Um orçamento feito em plena temporada local será quase sempre mais alto do que na baixa temporada para exatamente os mesmos serviços. Essa diferença pode justificar adiar ou antecipar a partida em algumas semanas, caso o seu calendário permita.

Voos internos e transportes: um item que não deve ser subestimado

Em um continente tão vasto, os voos internos representam uma fatia pesada do orçamento, especialmente na América do Sul, onde as distâncias entre grandes cidades são enormes e a rede ferroviária é limitada.

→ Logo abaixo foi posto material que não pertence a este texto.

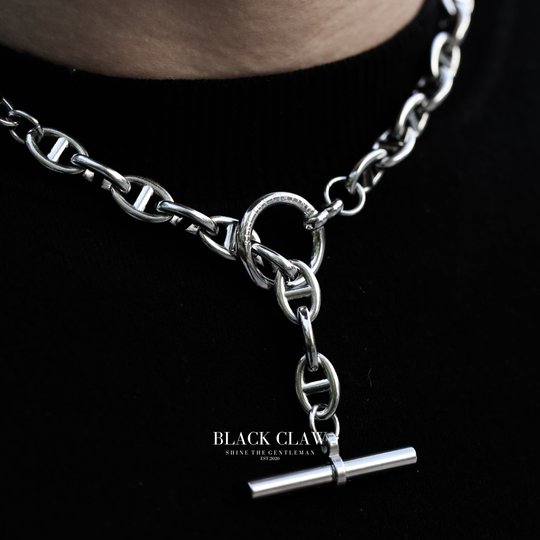 Anchor Chain  Necklace 【B&C】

Algumas agências incluem esses voos no pacote, enquanto outras deixam por sua conta, fornecendo apenas um roteiro sugerido. Verifique sempre se os voos internos estão inclusos, estimados de forma indicativa ou totalmente fora do preço anunciado. Essa é uma das armadilhas mais comuns entre o preço inicial de divulgação e o valor real da viagem.

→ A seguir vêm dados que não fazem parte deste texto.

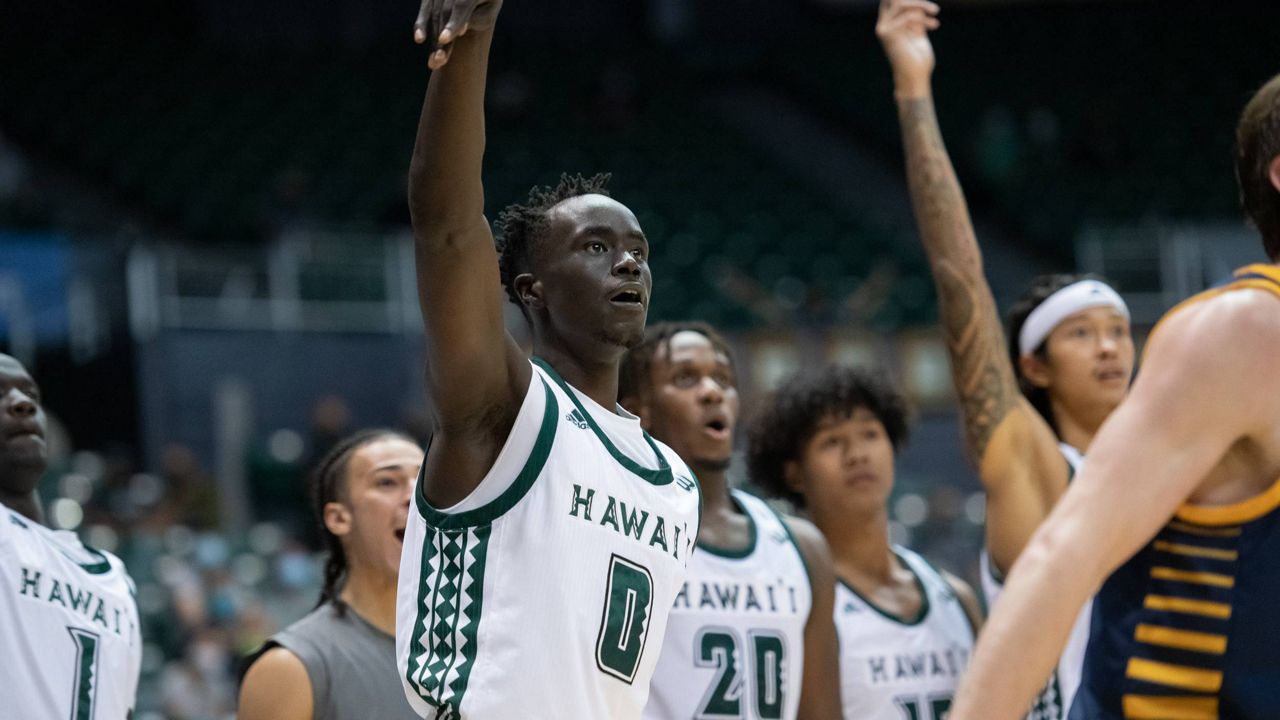 Hawaii basketball teams off to rare starts in Big West play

Formalidades para quem viaja com passaporte brasileiro

As exigências de entrada variam bastante de um país para outro, e uma agência séria deve orientar você com clareza, embora a responsabilidade final pelo documento seja sua.

  • Para os Estados Unidos, quem viaja com passaporte brasileiro precisa obrigatoriamente de um visto válido, obtido com antecedência e de forma separada da reserva da viagem.
  • Para o Canadá, brasileiros que tenham tido visto americano nos últimos dez anos ou que possuam visto canadense válido nos últimos dez anos podem solicitar a eTA, enquanto os demais precisam do visto tradicional.
  • Para diversos países da América Latina que exigem apenas o RG (desde que em bom estado e emitido há menos de dez anos) ou passaporte, as regras mudam: alguns exigem validade mínima no passaporte, enquanto outros cobram o Certificado Internacional de Vacinação contra a Febre Amarela (CIVP).

Uma agência que organiza viagens com frequência para um destino específico precisa dar essas coordenadas sem enrolação. Se as respostas forem vagas, considere isso um sinal de alerta.

O caso específico dos circuitos na América do Sul

Na América do Sul, a diferença entre agências generalistas e especialistas aparece com clareza na gestão da altitude e de áreas remotas. Um roteiro que inclua La Paz, Cusco ou outras regiões andinas expõe o viajante ao risco do mal da altitude caso o itinerário não preveja dias de aclimatação.

As agências que conhecem bem a região incluem esses momentos de adaptação no planejamento. Se o roteiro passar direto para os altiplanos sem nenhuma transição, vale a pena fazer perguntas diretas antes de fechar o contrato.